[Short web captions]
Segment Open
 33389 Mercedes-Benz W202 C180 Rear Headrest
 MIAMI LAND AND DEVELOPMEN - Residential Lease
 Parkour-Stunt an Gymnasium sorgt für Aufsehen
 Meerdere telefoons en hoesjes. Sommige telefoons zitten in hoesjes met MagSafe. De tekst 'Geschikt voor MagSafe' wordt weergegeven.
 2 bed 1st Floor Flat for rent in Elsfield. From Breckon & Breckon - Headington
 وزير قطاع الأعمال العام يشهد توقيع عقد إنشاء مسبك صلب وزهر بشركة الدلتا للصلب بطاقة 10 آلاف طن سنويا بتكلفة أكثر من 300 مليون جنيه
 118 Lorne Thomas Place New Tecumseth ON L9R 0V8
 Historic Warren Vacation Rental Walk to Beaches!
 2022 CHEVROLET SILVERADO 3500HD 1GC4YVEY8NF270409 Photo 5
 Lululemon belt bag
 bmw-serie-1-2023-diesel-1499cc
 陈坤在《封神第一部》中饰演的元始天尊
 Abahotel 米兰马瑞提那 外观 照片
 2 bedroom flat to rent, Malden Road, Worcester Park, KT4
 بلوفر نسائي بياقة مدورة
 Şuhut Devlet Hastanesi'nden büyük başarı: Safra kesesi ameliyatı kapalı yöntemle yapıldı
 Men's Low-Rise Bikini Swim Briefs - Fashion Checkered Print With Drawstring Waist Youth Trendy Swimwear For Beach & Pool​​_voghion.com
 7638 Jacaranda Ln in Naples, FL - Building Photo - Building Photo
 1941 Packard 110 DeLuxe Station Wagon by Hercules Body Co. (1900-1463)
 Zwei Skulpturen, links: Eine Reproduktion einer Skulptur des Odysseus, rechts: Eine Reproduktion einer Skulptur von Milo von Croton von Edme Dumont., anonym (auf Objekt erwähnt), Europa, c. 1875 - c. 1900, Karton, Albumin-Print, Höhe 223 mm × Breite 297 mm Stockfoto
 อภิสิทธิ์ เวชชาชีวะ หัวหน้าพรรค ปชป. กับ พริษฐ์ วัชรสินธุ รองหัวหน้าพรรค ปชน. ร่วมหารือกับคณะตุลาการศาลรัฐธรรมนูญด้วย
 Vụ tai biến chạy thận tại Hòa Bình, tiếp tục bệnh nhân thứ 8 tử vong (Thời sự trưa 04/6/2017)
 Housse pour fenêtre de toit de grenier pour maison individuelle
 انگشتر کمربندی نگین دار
Segment Closed
Look above for the line holding "2022 CHEVROLET SILVERADO". Print it and every line after it, exactly, through the line holding "Şuhut Devlet Hastanesi'nden".

### RESPONSE AREA
 2022 CHEVROLET SILVERADO 3500HD 1GC4YVEY8NF270409 Photo 5
 Lululemon belt bag
 bmw-serie-1-2023-diesel-1499cc
 陈坤在《封神第一部》中饰演的元始天尊
 Abahotel 米兰马瑞提那 外观 照片
 2 bedroom flat to rent, Malden Road, Worcester Park, KT4
 بلوفر نسائي بياقة مدورة
 Şuhut Devlet Hastanesi'nden büyük başarı: Safra kesesi ameliyatı kapalı yöntemle yapıldı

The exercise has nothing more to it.